I can be sure, however, that the golden era of cricket is not now. Yes, we have great players like James Anderson, Virat Kohli and Ben Stokes, but clearly things are not as they should be. However, the case of Ben Stokes taking indefinite leave of the game to improve his mental health is just one sign that playing more cricket is not the right way to change things. Yet at the same time that more cricket than ever is being played, at Canterbury and at many other county grounds, there is no men’s professional cricket being played throughout almost the entire month of August. Insanity. 

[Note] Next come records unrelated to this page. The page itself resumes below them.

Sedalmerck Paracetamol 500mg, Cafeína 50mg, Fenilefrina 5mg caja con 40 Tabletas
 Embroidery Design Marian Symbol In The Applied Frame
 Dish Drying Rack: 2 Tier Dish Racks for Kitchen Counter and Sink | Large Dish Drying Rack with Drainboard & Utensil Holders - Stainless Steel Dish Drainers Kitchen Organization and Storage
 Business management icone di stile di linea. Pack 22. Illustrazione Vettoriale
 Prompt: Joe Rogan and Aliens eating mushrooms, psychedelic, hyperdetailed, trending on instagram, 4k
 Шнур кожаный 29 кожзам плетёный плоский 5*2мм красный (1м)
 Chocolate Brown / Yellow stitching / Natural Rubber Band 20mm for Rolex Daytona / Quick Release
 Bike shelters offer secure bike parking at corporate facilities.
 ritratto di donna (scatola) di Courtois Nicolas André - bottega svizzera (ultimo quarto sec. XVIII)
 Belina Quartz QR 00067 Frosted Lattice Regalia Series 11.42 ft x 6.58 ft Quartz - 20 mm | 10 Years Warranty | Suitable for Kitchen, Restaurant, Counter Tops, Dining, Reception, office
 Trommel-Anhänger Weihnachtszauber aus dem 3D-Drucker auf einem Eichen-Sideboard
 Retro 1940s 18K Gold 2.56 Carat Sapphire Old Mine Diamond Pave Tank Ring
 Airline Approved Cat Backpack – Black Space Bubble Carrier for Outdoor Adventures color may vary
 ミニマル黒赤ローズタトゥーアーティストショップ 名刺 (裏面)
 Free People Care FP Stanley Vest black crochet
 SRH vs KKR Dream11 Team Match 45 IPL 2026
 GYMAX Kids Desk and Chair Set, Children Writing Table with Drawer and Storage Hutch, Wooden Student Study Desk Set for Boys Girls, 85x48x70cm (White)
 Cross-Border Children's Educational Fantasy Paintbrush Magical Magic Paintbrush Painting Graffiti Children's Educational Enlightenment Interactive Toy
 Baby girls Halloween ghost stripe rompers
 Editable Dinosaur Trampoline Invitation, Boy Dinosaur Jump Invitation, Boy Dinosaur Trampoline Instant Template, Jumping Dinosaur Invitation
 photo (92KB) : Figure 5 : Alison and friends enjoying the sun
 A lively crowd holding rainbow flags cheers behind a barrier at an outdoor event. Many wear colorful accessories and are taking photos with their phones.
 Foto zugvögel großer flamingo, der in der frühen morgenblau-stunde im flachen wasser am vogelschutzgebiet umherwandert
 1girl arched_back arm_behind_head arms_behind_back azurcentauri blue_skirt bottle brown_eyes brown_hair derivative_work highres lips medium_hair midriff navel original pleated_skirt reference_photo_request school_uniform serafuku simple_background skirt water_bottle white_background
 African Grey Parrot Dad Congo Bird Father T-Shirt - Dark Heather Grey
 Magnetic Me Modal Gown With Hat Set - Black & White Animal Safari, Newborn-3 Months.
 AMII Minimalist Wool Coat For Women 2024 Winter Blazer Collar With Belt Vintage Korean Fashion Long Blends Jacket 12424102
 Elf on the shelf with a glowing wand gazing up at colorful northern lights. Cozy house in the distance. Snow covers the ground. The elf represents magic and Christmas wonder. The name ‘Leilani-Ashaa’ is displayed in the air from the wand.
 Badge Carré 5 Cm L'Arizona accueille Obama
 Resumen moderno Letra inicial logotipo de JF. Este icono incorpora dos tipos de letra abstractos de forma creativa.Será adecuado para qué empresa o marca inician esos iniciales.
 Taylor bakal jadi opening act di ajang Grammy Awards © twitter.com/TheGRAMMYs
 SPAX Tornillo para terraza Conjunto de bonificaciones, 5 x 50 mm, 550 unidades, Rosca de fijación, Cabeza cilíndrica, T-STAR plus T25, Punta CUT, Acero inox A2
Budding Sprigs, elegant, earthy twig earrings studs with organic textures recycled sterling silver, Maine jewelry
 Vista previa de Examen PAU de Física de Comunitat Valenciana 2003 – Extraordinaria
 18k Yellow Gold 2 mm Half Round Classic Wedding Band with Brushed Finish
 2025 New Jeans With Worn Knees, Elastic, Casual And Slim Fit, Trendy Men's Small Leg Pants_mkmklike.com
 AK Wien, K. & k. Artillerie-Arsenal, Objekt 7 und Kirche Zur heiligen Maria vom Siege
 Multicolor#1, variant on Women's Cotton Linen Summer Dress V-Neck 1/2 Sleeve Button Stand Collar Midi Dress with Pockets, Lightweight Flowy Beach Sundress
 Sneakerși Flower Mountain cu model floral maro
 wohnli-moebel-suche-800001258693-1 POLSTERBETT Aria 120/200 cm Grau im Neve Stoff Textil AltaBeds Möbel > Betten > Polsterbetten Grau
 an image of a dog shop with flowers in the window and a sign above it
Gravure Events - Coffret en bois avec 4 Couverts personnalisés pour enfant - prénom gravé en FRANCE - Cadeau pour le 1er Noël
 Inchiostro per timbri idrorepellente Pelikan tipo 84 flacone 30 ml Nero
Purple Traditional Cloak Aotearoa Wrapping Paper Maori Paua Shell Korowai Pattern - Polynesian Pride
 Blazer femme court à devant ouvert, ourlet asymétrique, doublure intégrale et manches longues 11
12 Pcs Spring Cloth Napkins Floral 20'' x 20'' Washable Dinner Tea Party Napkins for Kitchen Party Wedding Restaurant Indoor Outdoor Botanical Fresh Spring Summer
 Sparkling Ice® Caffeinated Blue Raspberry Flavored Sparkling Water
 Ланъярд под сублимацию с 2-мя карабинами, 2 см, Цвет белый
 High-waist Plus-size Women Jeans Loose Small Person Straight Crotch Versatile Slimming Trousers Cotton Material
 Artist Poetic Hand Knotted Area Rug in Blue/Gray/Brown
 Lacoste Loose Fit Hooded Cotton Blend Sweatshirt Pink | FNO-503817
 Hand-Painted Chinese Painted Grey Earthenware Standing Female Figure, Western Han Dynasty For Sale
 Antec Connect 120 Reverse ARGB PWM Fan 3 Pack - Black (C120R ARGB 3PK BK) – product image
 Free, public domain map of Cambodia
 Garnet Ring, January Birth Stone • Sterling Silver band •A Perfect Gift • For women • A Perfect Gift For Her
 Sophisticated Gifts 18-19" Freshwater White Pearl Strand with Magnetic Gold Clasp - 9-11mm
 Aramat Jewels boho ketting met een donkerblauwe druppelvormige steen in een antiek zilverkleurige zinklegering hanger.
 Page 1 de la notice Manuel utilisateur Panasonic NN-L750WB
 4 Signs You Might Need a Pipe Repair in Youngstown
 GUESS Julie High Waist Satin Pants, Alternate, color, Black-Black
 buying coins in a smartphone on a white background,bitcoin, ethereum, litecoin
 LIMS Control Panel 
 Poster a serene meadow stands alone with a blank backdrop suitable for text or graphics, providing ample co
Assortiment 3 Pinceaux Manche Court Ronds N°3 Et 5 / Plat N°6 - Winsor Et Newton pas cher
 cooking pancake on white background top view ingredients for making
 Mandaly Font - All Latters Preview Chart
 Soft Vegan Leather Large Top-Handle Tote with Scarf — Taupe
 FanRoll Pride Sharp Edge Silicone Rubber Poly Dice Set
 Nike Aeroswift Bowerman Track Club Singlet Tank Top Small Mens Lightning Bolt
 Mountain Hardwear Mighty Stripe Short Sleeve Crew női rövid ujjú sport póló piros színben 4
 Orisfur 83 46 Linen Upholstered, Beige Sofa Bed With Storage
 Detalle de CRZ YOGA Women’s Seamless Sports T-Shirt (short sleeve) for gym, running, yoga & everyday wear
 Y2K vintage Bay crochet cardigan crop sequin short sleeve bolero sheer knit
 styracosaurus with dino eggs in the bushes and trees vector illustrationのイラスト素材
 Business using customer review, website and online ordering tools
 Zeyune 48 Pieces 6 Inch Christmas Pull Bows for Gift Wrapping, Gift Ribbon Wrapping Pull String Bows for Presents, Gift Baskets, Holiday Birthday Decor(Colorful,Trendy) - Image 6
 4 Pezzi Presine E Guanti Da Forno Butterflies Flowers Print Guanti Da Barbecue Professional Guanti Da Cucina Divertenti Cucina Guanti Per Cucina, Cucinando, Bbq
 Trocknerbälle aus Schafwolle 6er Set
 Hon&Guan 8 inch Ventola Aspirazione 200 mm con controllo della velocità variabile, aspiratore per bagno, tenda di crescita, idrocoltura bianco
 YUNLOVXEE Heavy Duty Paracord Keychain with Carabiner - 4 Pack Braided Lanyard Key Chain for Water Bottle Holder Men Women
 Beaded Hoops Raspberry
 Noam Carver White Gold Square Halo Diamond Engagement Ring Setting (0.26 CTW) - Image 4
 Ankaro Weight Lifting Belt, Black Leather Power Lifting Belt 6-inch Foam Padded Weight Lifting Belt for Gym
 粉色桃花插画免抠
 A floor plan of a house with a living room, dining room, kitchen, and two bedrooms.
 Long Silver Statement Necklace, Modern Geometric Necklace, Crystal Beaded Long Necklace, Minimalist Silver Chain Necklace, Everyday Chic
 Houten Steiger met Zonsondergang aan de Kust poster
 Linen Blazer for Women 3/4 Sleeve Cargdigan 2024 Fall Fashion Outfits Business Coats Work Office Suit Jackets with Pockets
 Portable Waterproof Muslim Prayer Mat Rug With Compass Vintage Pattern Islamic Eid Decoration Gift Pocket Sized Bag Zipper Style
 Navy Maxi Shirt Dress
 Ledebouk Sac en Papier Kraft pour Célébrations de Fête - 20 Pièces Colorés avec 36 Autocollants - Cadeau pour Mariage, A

The Hundred has no merit whatsoever except that it allows the ECB to control a format of its own, but in doing so they have drastically weakened the county cricket structure. The inevitable consequence of this is that red ball cricket, the staple of the county game, will be permanently weakened, and without red ball cricket there will be no Test cricket, and then the game will have gone. Pretty soon the time will come when even 100 balls is too long, so they have to introduce 50 ball matches, or 10 ball matches, or just the bowl-out, and even then, kids who don’t want to be interested in cricket will just get deeper into their X-boxes or the 2040 equivalent thereof, and cricket will become another knur and spell, a game that in olden times was played in England.

A higher profile for the women’s game, thanks to the Hundred?

This is why the Hundred is wrong. It is a format too far. It may bring in money to the ECB, but there is no evidence yet that they are going to distribute it wisely. The cricket is no better and the crowds no bigger than at T20 matches, whatever the television commentators may say. It may bring in a few new fans for that form of the game, but how many of them will become red ball cricket fans is very much open to doubt. It may make a few cricketers richer, which is not a bad thing and nobody blames any professional who takes the Hundred’s wages, but will it bring more cricketers into the professional pipeline? It is certainly raising the awareness of of women’s cricket, which is an unqualified good thing, but we didn’t need a new competition to do that. And by breaking the county structure it will do nothing to help girls (and boys) at 14, 15 and 16 years old to get access to top quality coaching and competitive games.

The trouble is, the Hundred is almost certainly here to stay. Forget the past and crack on into cricket’s brave new world. Today is today and yesterday is history.